Provided data Block Start

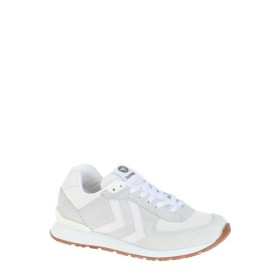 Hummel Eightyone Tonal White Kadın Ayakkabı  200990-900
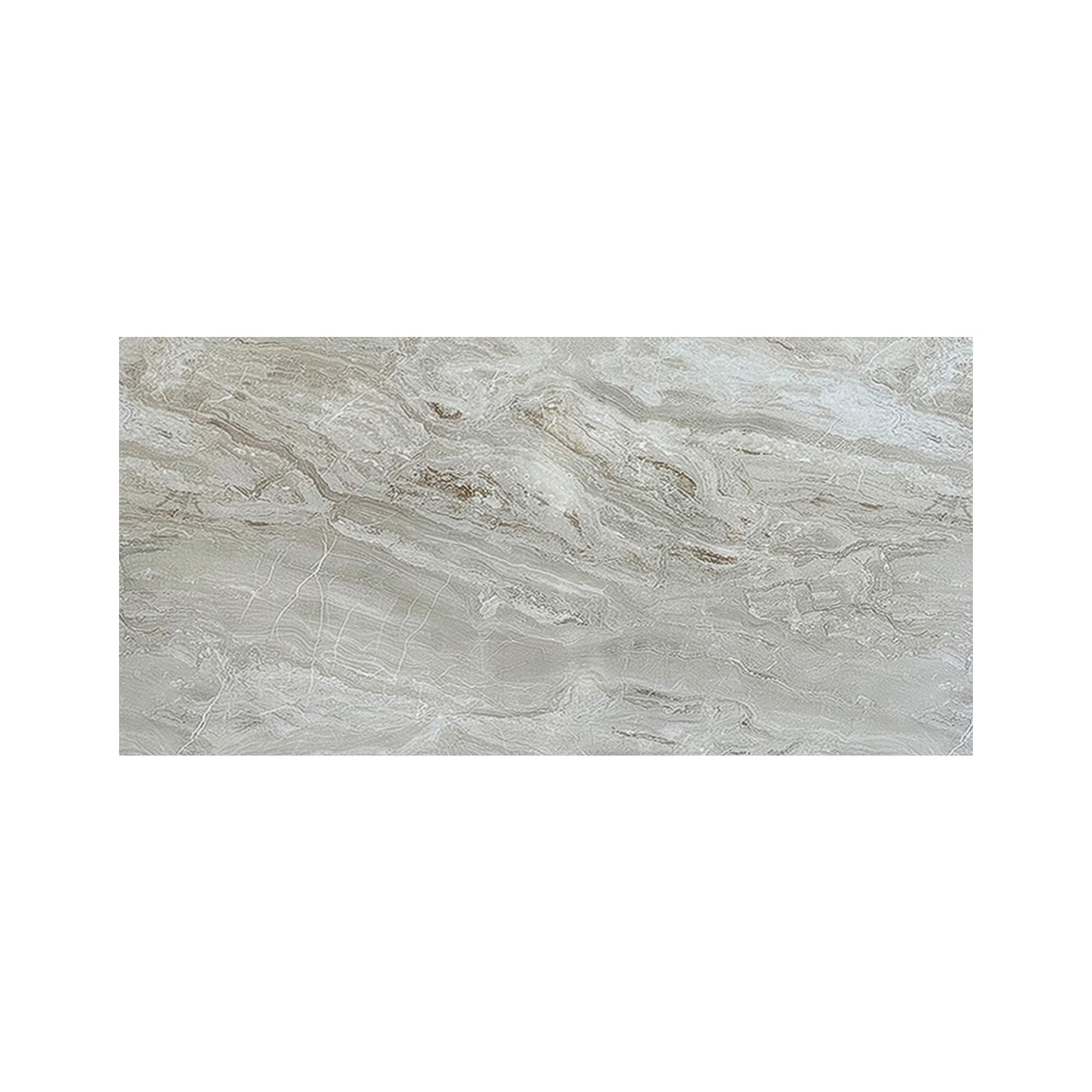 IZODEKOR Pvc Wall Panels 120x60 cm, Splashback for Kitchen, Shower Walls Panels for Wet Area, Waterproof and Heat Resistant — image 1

Provided data Block End
Provided data Block Start

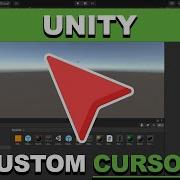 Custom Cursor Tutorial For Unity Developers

Provided data Block End

Activity
With the pictures removed from your copy, retype the lines above from the one that contains "Hummel Eightyone Tonal" through the one that contains "IZODEKOR Pvc Wall", exactly.

Task result
 Hummel Eightyone Tonal White Kadın Ayakkabı  200990-900
 IZODEKOR Pvc Wall Panels 120x60 cm, Splashback for Kitchen, Shower Walls Panels for Wet Area, Waterproof and Heat Resistant — image 1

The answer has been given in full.